27 novembre 2018 | 14.23
LETTURA: 2 minuti

Bashar al-Assad (L) shakes hands with Russia's President Vladimir Putin (R)  - Photo: AFP
Bashar al-Assad (L) shakes hands with Russia's President Vladimir Putin (R) - Photo: AFP

Syria's president Bashar al-Assad "can still be an interlocutor" in ending the country's almost eight-year-old civil war and in its transition to democracy, Italy's foreign minister Enzo Moavero Milanesi said on Tuesday.

"The crucial thing is that the brutal phase (of the conflict) is followed by peace which is immediately accompanied by democratisation," Moavero said.

"This is also a topic that we are following at European level and on which we are moving together with our partners," Moavero said.

He was speaking to reporters on the sidelines of a conference on Mediterranean dialogue taking place at Rome's private Luiss private university.

A constitutional committee is expected to be formed at the next round of peace talks - chaired by Turkey and by its Syria's allies Russia and Iran - being held in Astana on November 28-29, according to observers.

Sweeping battlefield developments over the past 10 months have greatly weakened the Syrian opposition and its demands for constitutional restrictions on presidential powers and terms of office, say analysts.

Significantly, the US will be absent from the Astana talks, giving Russia's president Vladimir Putin scope to hammer out an endgame that abandons regime change but in return, curbs Iran's influence Syria, the analysts say.

Former United Nations special envoy to Syria, Staffan de Mistura broke off his final round of talks in Damascus on 25 October after government officials rejected any "foreign interference" in a proposed constitutional drafting committee, Syrian sources told Adnkronos.

The Italian-Swedish diplomat announced he would resign for personal reasons after years of mediating inconclusive Syrian peace talks.

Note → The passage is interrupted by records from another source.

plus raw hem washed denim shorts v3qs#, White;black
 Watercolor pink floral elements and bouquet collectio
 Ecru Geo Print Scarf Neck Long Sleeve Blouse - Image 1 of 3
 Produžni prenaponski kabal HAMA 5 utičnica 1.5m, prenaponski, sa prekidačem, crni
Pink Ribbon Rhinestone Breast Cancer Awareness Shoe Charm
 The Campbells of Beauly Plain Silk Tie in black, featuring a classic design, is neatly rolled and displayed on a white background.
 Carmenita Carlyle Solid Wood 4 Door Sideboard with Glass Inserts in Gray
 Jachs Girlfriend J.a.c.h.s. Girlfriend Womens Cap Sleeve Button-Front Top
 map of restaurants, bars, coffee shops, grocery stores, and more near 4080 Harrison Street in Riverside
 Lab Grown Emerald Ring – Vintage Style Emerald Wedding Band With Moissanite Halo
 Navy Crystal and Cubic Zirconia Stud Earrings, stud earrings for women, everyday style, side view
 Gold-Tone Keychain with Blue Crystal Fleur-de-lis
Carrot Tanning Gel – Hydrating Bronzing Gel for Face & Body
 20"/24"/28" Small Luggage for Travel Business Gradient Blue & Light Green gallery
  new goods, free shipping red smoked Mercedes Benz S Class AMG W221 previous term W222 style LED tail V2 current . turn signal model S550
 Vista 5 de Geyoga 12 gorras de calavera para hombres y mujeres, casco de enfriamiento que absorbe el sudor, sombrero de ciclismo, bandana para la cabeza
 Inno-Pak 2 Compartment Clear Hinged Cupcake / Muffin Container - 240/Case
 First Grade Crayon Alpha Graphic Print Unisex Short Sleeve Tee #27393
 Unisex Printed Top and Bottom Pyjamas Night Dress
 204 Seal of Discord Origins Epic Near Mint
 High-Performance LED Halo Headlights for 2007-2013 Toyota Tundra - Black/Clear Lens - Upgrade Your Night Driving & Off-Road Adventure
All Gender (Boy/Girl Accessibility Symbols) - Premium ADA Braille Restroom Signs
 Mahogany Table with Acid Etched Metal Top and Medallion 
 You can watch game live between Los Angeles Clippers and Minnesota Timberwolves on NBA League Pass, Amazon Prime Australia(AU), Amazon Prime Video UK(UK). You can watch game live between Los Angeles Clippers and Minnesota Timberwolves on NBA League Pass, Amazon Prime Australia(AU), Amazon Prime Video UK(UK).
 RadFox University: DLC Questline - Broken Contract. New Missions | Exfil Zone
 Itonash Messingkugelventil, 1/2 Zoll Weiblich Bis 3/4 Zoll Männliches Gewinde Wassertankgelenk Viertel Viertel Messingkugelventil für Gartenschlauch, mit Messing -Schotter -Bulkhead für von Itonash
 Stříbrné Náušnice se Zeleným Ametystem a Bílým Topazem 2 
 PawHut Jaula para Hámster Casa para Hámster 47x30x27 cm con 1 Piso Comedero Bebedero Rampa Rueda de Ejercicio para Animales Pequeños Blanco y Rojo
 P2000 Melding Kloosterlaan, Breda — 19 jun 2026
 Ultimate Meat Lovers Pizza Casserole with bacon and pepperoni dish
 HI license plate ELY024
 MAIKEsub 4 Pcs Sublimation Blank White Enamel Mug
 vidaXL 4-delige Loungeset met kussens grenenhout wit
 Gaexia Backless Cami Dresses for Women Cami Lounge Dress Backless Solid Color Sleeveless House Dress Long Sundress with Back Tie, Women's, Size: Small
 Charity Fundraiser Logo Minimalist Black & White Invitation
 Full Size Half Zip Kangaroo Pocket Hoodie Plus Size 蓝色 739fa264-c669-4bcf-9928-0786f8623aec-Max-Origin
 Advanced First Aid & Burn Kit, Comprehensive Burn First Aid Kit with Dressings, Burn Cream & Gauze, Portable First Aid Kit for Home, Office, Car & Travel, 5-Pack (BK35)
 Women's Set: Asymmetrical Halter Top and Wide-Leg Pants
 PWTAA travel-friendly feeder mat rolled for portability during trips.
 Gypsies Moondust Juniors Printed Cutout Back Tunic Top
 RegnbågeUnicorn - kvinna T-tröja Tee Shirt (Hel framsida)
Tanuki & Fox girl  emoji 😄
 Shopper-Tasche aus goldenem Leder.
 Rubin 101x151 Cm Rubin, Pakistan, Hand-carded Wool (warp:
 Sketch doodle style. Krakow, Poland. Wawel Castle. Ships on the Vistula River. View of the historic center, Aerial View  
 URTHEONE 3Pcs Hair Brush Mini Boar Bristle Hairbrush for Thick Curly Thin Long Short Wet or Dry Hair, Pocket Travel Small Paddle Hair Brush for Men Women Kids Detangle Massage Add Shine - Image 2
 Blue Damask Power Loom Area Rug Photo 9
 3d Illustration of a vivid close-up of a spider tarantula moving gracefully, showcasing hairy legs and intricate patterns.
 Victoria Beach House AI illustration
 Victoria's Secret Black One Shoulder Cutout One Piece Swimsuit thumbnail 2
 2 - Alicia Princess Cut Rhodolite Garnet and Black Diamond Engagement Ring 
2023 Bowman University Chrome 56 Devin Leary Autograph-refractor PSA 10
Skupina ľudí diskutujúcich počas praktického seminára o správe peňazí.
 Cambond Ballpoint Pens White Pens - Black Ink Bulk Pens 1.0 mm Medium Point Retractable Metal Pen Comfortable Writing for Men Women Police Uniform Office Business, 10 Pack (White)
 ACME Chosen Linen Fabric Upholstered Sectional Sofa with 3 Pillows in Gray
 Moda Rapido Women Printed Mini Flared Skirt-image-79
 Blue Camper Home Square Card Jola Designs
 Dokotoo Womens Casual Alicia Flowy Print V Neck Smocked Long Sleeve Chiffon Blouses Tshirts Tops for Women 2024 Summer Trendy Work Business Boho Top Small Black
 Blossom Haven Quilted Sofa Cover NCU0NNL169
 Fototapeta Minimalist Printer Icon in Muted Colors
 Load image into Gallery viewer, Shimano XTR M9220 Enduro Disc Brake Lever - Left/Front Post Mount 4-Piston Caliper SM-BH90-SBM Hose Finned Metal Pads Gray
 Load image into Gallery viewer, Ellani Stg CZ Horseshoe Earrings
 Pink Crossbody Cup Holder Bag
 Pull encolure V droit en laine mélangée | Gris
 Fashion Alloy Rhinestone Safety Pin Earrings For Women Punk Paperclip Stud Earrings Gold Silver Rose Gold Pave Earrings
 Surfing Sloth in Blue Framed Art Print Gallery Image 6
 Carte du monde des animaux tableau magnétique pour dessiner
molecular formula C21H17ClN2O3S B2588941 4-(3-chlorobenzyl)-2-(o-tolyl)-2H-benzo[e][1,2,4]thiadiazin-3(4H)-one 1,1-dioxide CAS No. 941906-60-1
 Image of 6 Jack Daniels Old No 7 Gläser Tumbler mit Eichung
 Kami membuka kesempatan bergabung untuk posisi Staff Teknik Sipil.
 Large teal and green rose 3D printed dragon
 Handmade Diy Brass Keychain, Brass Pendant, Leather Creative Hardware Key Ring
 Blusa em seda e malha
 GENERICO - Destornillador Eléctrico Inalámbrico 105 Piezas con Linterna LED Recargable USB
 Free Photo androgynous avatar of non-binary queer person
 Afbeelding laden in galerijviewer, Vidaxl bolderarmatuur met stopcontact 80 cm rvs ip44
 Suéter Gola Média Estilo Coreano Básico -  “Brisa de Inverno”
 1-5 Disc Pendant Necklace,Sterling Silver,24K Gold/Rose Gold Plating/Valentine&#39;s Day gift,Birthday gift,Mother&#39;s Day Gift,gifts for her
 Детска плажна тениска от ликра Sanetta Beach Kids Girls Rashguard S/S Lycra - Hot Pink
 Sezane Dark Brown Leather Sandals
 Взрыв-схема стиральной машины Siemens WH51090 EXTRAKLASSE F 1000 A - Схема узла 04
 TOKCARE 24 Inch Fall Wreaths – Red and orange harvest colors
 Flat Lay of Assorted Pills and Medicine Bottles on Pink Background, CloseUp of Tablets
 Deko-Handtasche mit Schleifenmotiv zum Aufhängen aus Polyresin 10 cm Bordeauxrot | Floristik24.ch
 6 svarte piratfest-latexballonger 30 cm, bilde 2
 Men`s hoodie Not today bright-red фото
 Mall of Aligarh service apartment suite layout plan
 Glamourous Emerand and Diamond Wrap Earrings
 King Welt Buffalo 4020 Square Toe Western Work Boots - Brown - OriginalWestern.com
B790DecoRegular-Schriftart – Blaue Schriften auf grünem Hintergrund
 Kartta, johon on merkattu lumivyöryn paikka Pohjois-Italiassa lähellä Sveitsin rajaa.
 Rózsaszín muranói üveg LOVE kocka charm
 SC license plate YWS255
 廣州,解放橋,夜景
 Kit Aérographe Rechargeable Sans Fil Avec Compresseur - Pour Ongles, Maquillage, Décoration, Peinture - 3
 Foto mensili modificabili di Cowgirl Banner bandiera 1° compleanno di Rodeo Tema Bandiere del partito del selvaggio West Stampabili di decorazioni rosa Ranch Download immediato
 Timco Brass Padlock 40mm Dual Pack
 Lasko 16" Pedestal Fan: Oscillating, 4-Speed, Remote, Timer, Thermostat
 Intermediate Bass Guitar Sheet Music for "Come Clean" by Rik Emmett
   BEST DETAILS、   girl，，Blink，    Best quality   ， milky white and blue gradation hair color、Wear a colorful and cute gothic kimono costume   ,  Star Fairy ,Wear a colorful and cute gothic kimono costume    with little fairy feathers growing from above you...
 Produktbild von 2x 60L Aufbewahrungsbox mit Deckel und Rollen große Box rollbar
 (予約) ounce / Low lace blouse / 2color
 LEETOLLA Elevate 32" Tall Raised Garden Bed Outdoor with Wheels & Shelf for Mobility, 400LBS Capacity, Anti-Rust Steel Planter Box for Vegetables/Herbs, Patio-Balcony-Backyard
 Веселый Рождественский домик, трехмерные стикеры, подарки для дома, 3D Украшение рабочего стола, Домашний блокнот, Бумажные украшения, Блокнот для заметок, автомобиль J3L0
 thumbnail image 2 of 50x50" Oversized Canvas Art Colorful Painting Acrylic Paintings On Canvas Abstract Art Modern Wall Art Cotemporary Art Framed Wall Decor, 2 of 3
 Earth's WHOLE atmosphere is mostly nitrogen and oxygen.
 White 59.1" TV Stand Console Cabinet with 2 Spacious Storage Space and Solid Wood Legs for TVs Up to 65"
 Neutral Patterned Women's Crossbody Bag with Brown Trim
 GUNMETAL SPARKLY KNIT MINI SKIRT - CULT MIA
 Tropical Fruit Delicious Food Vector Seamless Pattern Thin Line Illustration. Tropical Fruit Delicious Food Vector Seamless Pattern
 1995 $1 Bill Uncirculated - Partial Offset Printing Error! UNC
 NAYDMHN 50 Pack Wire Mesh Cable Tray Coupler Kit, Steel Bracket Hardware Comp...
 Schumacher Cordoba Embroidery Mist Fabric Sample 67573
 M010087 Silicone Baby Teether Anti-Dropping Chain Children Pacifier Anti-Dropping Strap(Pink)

But he said he hoped to broker an agreement on drafting a new constitution for Syria before stepping down in November.

De Mistura had been trying since February to create a constitutional committee as a key step toward elections and a political settlement to end the brutal Syrian civil war which has killed over 350,000 people since it began in March 2011.

The Syrian government insists that the UN envoy’s role, including that of de Mistura's successor, Norwegian diplomat Geir Pedersen, should be restricted to 'facilitator' rather than 'decision-maker' in the peace negotiations.